Raw data:
◆ ◆ ◆ ◆

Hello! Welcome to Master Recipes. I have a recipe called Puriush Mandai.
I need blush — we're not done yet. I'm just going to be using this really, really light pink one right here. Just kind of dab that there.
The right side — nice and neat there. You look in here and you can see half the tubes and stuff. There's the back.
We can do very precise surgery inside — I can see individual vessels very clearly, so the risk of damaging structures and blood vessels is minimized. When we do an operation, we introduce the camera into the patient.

◆ ◆ ◆ ◆

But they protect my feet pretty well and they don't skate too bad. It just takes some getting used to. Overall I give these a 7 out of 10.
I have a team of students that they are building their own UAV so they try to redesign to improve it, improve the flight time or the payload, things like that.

◆ ◆ ◆ ◆

Task brief:
In the listing above, find every line with the word "have" and copy it.

Answer below:
Hello! Welcome to Master Recipes. I have a recipe called Puriush Mandai.
I have a team of students that they are building their own UAV so they try to redesign to improve it, improve the flight time or the payload, things like that.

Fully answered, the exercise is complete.